• Activity: Output the entries exactly. Start at the first line, finish with the line containing "Évolution du requin", and omit the pictures.

Brief descriptive captions:
────────────────────
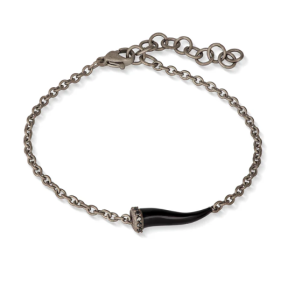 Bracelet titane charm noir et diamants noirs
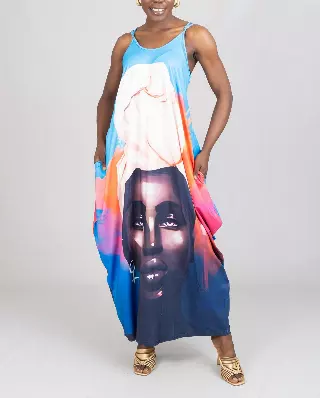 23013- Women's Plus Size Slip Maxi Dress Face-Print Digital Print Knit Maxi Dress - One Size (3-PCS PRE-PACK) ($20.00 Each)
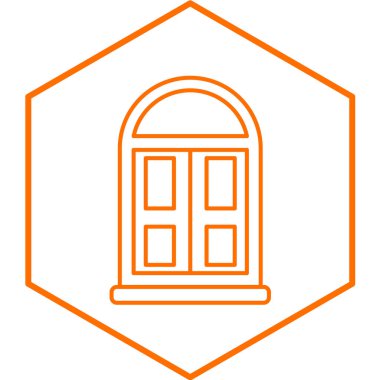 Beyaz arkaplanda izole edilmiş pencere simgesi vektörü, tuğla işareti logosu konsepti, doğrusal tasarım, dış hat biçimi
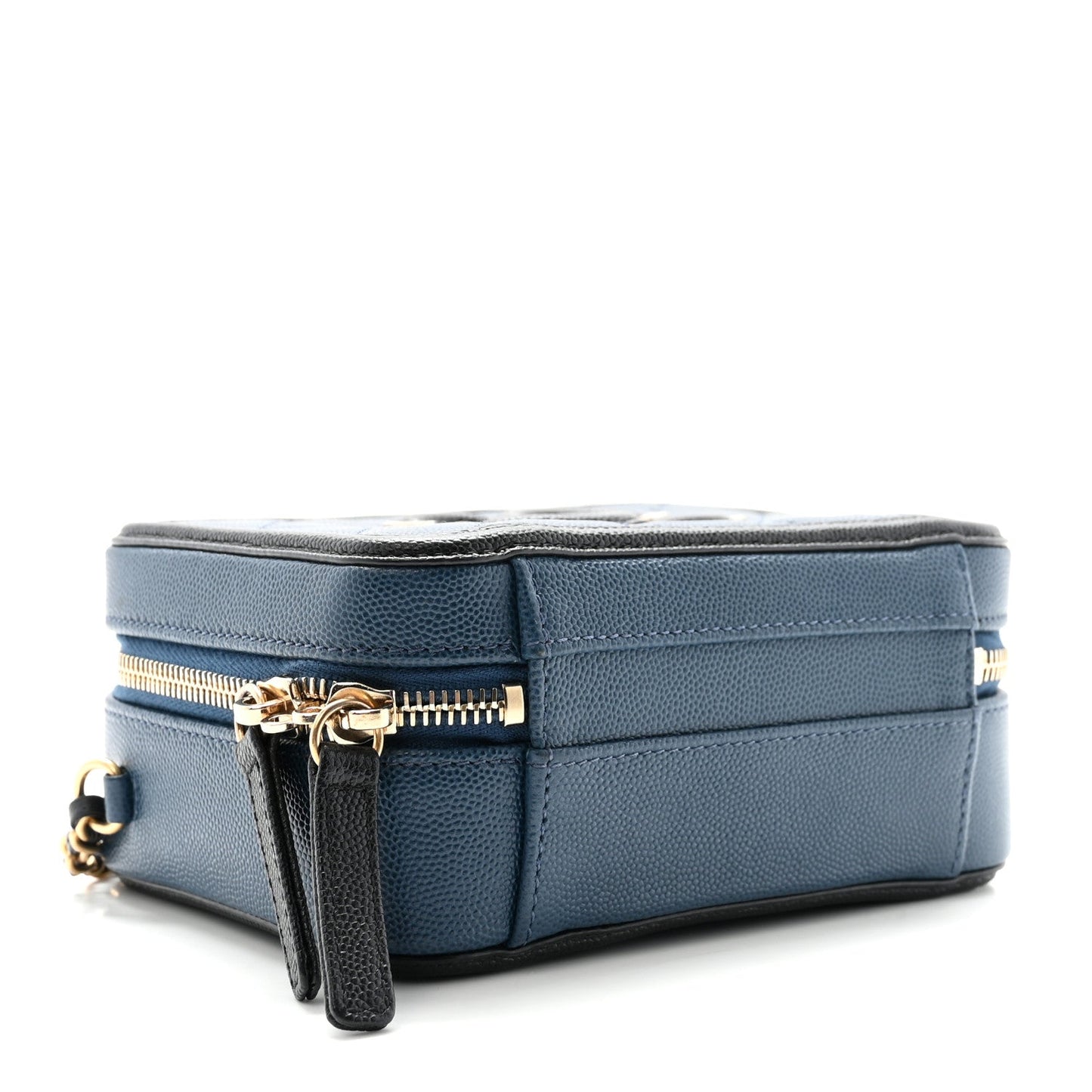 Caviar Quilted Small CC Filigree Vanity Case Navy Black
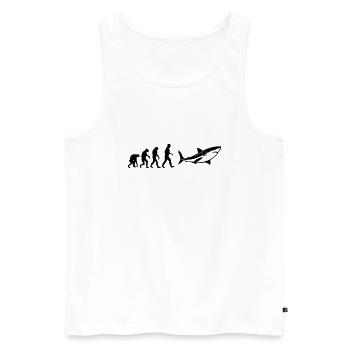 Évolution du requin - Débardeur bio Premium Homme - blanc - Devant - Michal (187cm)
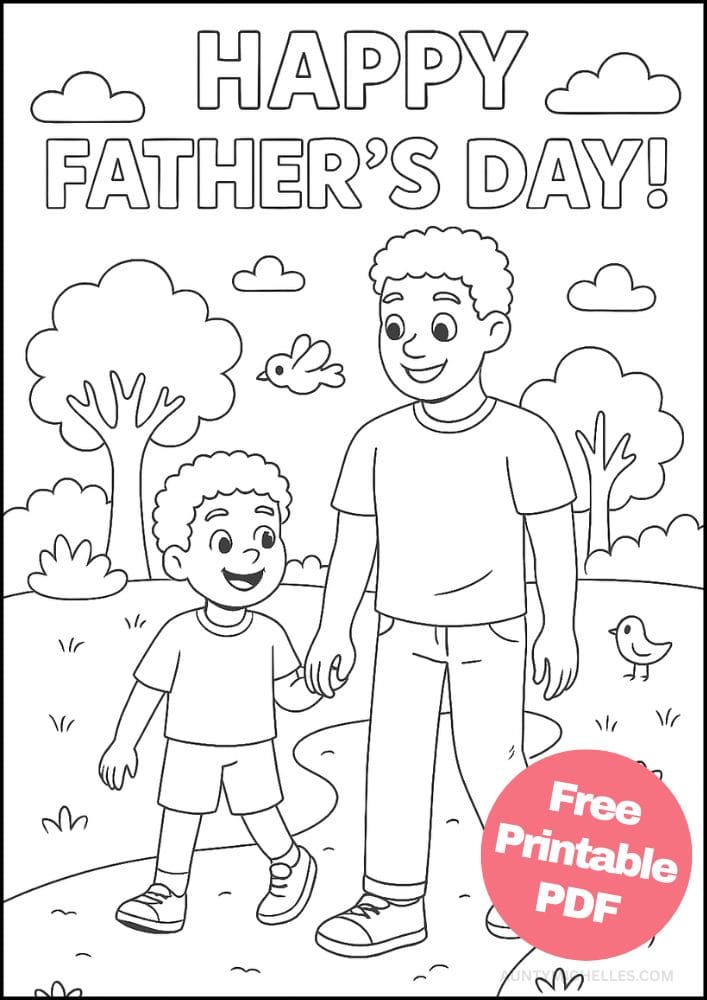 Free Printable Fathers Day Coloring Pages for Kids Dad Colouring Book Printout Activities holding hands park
────────────────────
• Exercise result:
 Bracelet titane charm noir et diamants noirs
 23013- Women's Plus Size Slip Maxi Dress Face-Print Digital Print Knit Maxi Dress - One Size (3-PCS PRE-PACK) ($20.00 Each)
 Beyaz arkaplanda izole edilmiş pencere simgesi vektörü, tuğla işareti logosu konsepti, doğrusal tasarım, dış hat biçimi
 Caviar Quilted Small CC Filigree Vanity Case Navy Black
 Évolution du requin - Débardeur bio Premium Homme - blanc - Devant - Michal (187cm)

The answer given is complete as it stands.